[bri3d]

I strongly disagree that there is no evidence that Lockdown mode is effective; there have been numerous exposed, active iOS exploitation campaigns of which none have worked against Lockdown mode. When we're trying to prove a negative, that's actually some of the strongest evidence we can get.

The economics of the device exploitation industry are completely orthogonal from bug bounty payouts; the markets only overlap at the _extreme_ fringes. Trying to use one as a proxy for the other is meaningless.

[saagarjha]

I don't necessarily disagree but a lot of chains will bail out if they find like the Norton Antivirus app on your phone so

[bri3d]

In this case the body of evidence is still quite powerful though, given that not only do we not have any forensic evidence of compromise from a phone with Lockdown Mode, but in all public cases where chains were RE'd back out of the forensic evidence, they don't work when tested on Lockdown Mode!

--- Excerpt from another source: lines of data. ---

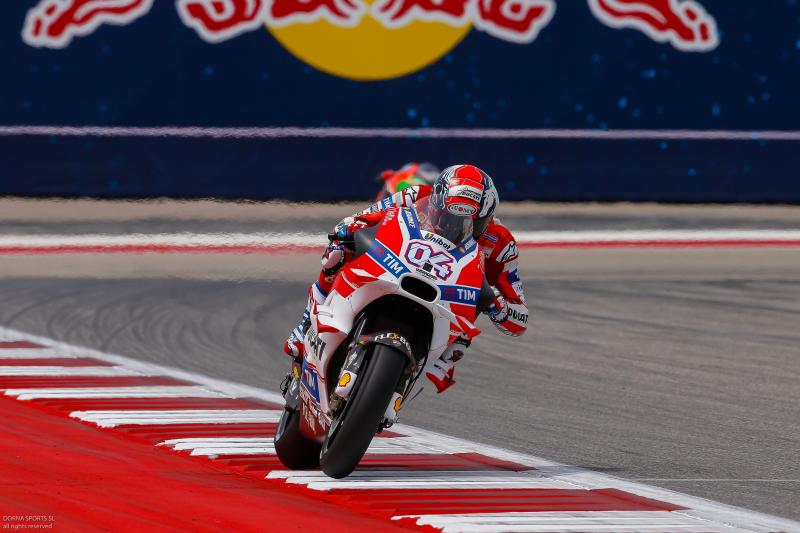 Andrea Dovizioso seguirá en Ducati y será compañero de Jorge Lorenzo.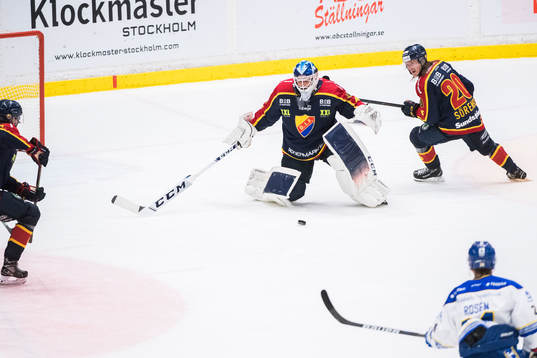 Djurgårdens målvakt Mantas Armalis  och Marcus Sörensen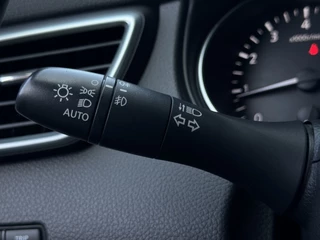 Nissan QASHQAI Nissan QASHQAI 1.2 N-Connecta | Navigatie | 360° camera | 18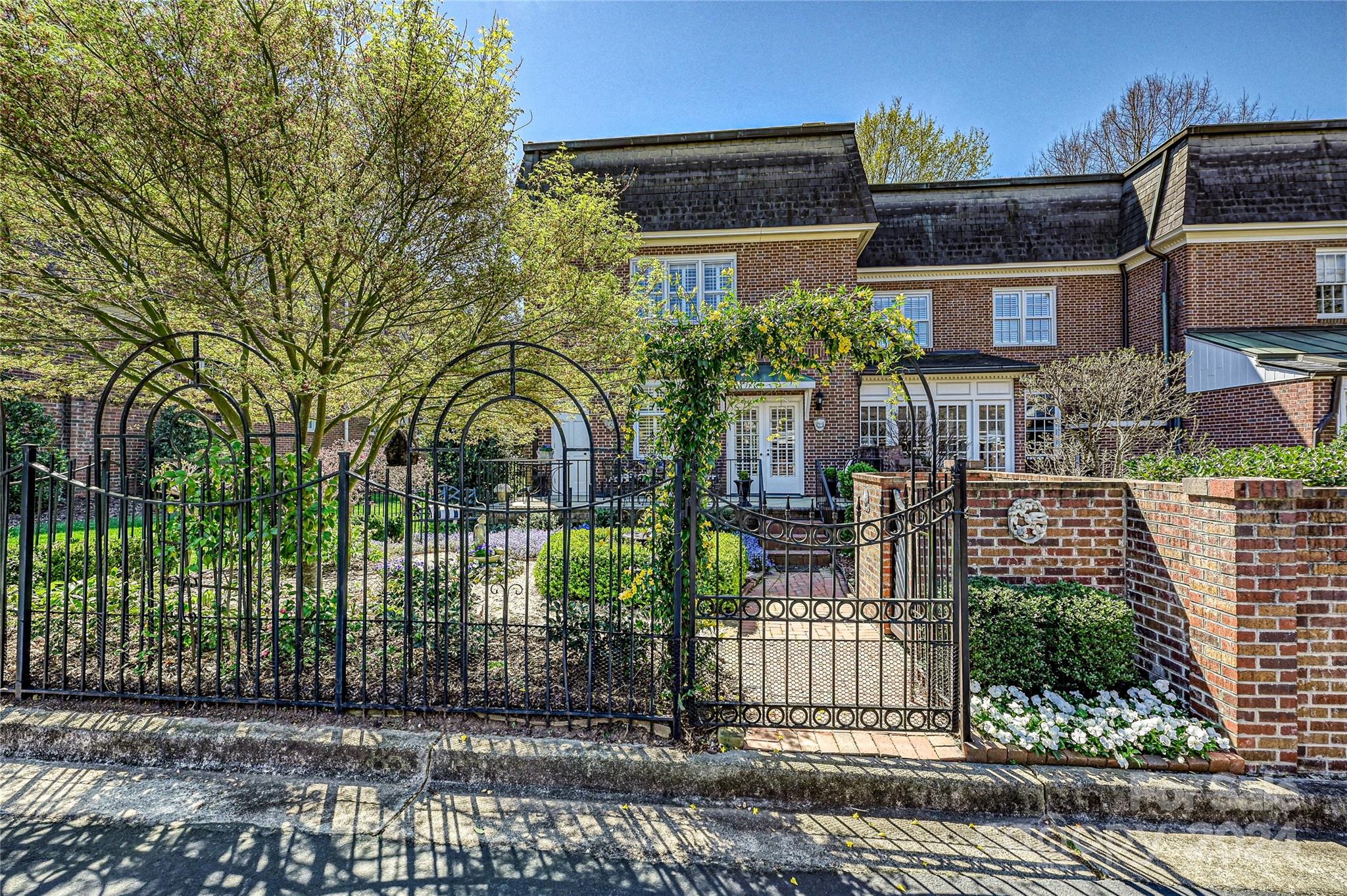 207 Perrin Place
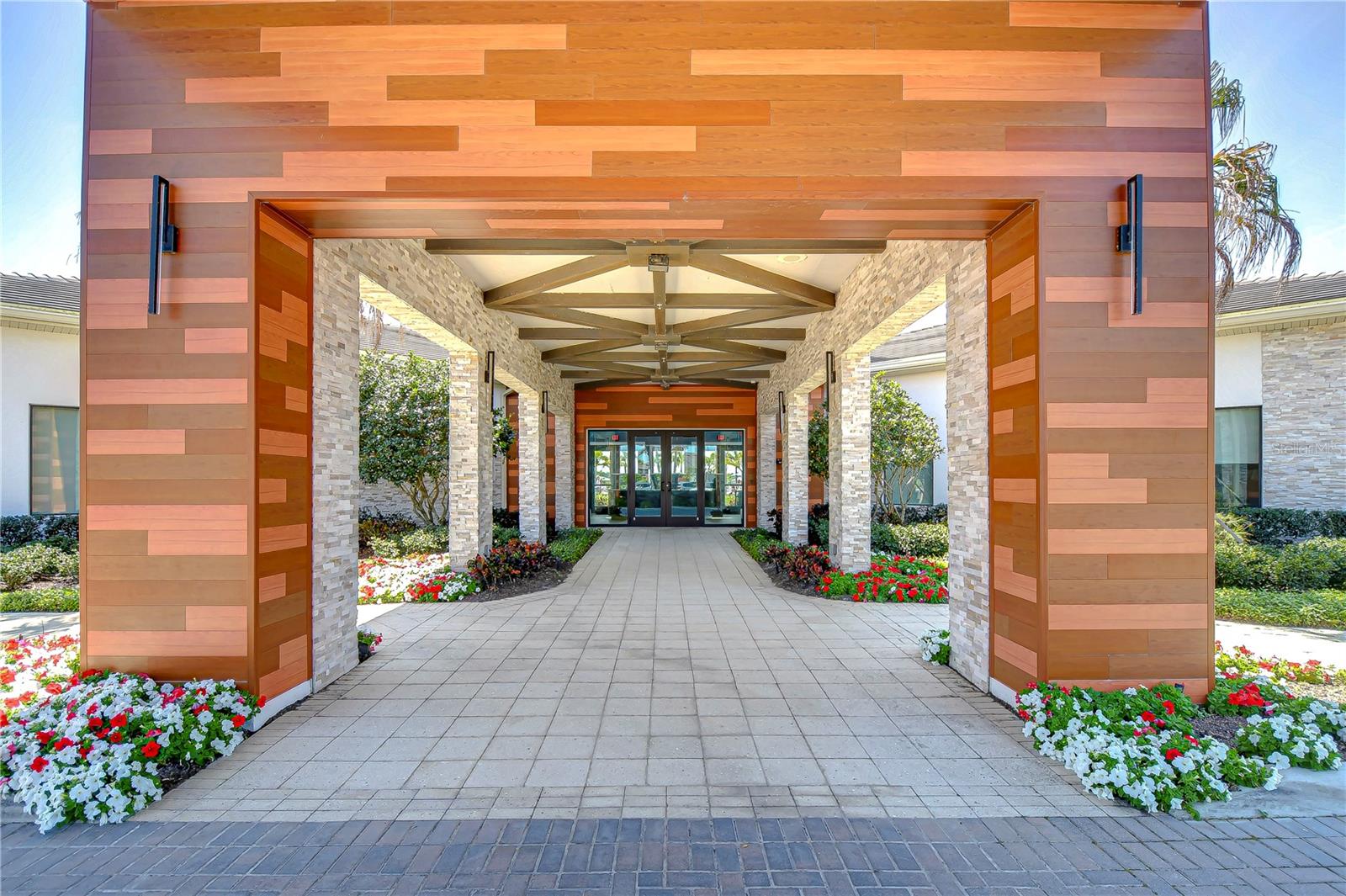Stunning curb appeal!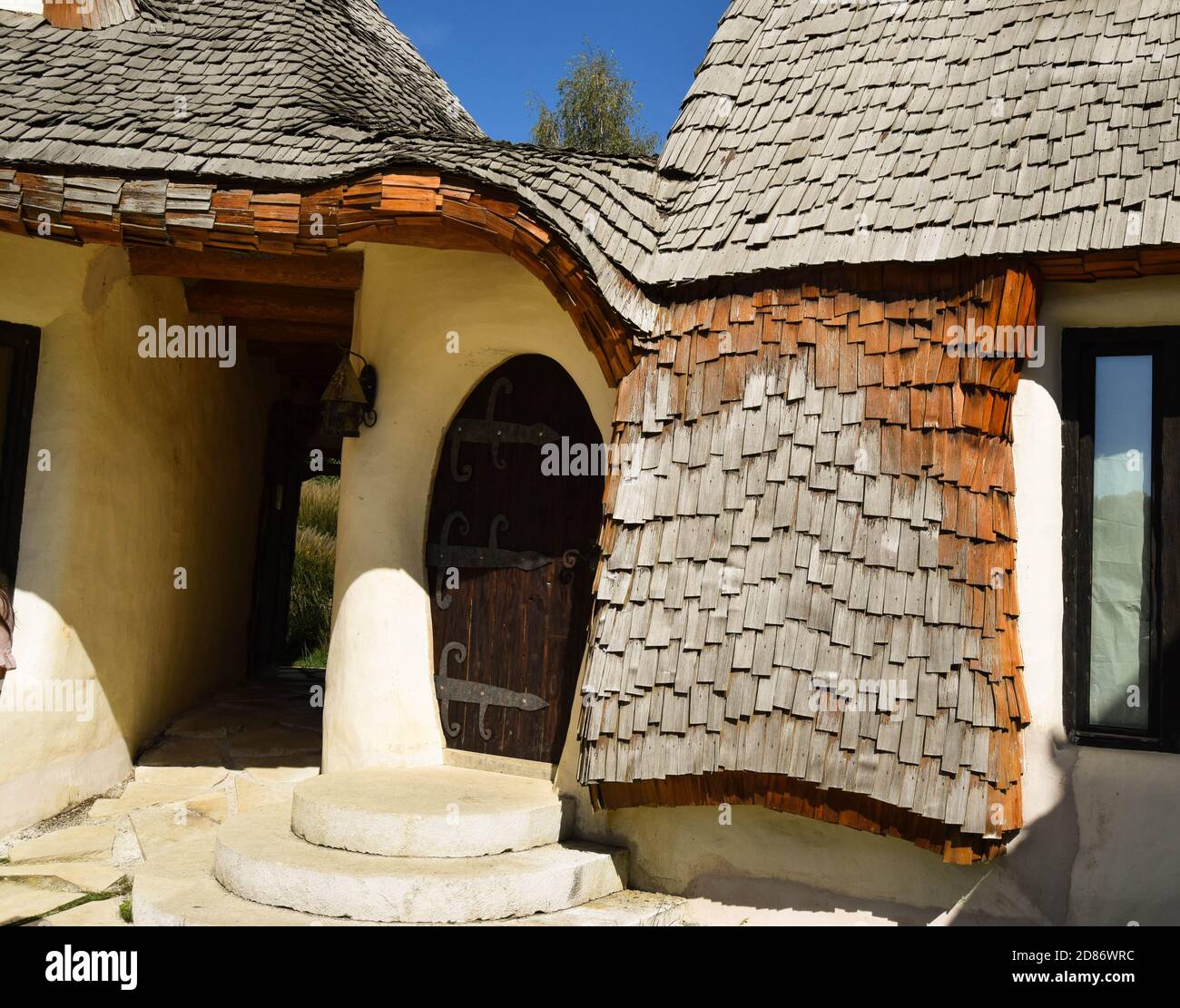 Fairy Valley Clay Castle, Fairy Valley, Hobbit Castle in Siebenbürgen aus Lehm und Sand gebaut. Architektonische Details Stockfoto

So, there's even signal that the lack of forensics indicating Lockdown Mode compromises is not due to artificial targeting or detonation gates, but rather successful mitigation.

(as an aside): I'm not trying to say Lockdown Mode is infallible; I am sure phones in Lockdown Mode are or will be compromised. But it's clearly a very powerful tool, and to try to argue that it is some kind of marketing-driven conspiracy, against the body of evidence of its success, using bug bounty payout numbers (???), as the grandparent post did, is ridiculous.

[saagarjha]

I wouldn't say that it's useless but I do want to consider the option that the chains that get caught are probably the ones that are less competent.

[Veserv]

That is a total strawman. The standard of “effective” being used by the person I was responding to and Apple themselves is “protects against state actors targeting you”, not “has any benefit whatsoever” or even “has a material benefit”.

Protecting against state actors is not a instantaneous property of the present. It demands durable protection against compromise by state actors who can easily spend tens to hundreds of millions of dollars on teams of hundreds for multiple years to develop novel, durable exploits known only to them. To the extent that compromises exist, they would require expected resource expenditure in excess of what state actors can deploy or are in excess of the value derivable by state actors which is going to be in the hundreds of millions to billions of dollar range to constitute as being "effective against state actors targeting you".

Protecting against state actors means secure against Iran, Saudi Arabia, China, and the NSA. That is the unsupported marketing bullshit I am calling out.

[saagarjha]

Apple is almost certainly spending hundreds of millions if not billions on software security.

[Veserv]

Sure, but that is not related to anything I said.

I said that “protects against state actors” means the cost of finding a exploit as generally applicable and powerful as a zero-click RCE needs to cost on the order of hundreds of millions to billions of dollars per exploit to be problematic for state actors to field.

That amount of resources is a competent team of 100 skilled individuals finding zero zero-click RCEs after 3 years of full time investigation. That could credibly be called secure against state actors, though would still not be out of reach of a real military operation as a hundred million dollars is still just the cost of a single jet fighter.